TASK OBJECTIVE -> Look below for the line containing "table study: Комплект: письменный"; from there, print each line exactly up to and including the line containing "206 N Wenona, Bay City, MI 48706 - #3", and stop.

PROVIDED DATA ->
◆ ◆ ◆ ◆ ◆ ◆ ◆

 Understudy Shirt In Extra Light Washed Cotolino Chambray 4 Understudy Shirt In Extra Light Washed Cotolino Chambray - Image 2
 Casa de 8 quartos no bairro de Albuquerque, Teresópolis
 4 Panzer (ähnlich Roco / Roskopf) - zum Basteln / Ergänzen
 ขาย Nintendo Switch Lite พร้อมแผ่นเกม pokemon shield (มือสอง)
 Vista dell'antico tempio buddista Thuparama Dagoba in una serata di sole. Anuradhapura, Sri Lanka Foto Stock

◆ ◆ ◆ ◆ ◆ ◆ ◆

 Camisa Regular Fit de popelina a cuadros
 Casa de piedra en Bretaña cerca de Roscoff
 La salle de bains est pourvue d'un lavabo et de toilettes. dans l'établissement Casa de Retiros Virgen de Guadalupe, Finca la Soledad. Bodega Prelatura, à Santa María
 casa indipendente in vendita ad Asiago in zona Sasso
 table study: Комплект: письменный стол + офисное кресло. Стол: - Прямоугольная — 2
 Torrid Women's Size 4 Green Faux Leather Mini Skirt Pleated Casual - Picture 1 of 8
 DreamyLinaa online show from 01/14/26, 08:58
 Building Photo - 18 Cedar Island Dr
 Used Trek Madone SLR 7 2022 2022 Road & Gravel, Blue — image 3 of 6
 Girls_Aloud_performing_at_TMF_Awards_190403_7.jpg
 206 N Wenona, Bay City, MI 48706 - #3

◆ ◆ ◆ ◆ ◆ ◆ ◆

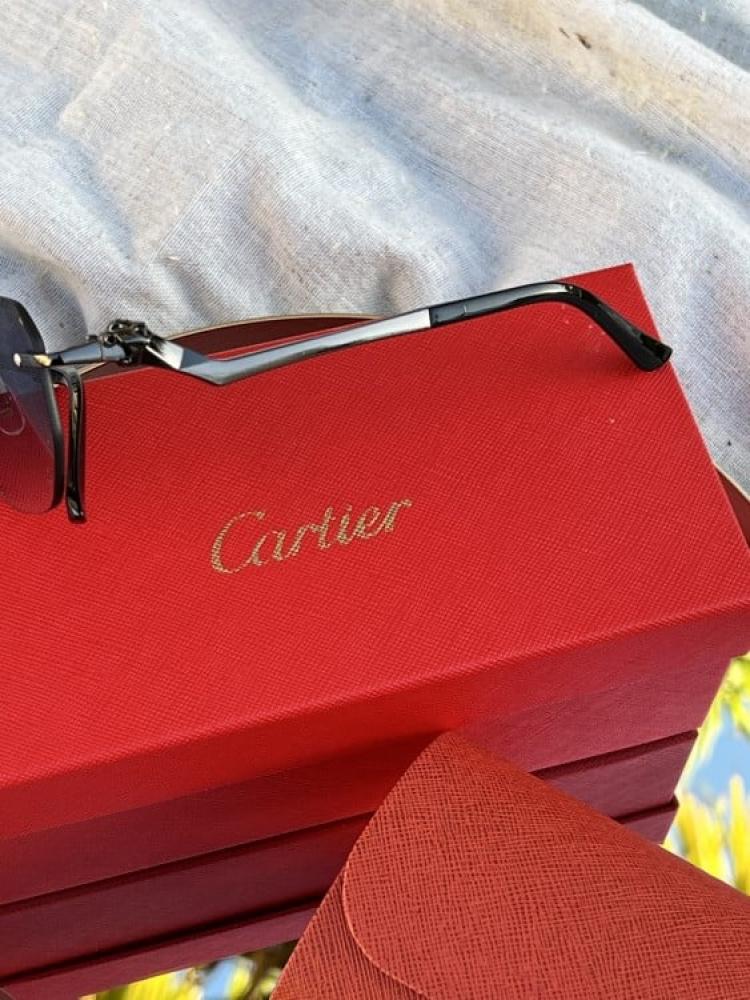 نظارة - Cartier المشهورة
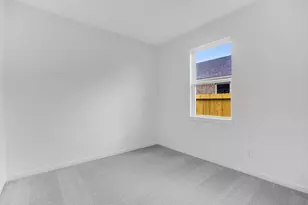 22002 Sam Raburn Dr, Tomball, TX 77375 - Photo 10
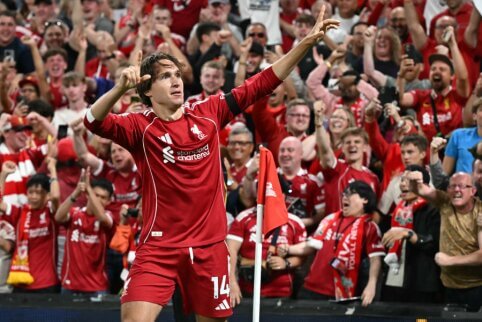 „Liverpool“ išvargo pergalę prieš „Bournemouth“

◆ ◆ ◆ ◆ ◆ ◆ ◆

EXERCISE OUTPUT ->
 table study: Комплект: письменный стол + офисное кресло. Стол: - Прямоугольная — 2
 Torrid Women's Size 4 Green Faux Leather Mini Skirt Pleated Casual - Picture 1 of 8
 DreamyLinaa online show from 01/14/26, 08:58
 Building Photo - 18 Cedar Island Dr
 Used Trek Madone SLR 7 2022 2022 Road & Gravel, Blue — image 3 of 6
 Girls_Aloud_performing_at_TMF_Awards_190403_7.jpg
 206 N Wenona, Bay City, MI 48706 - #3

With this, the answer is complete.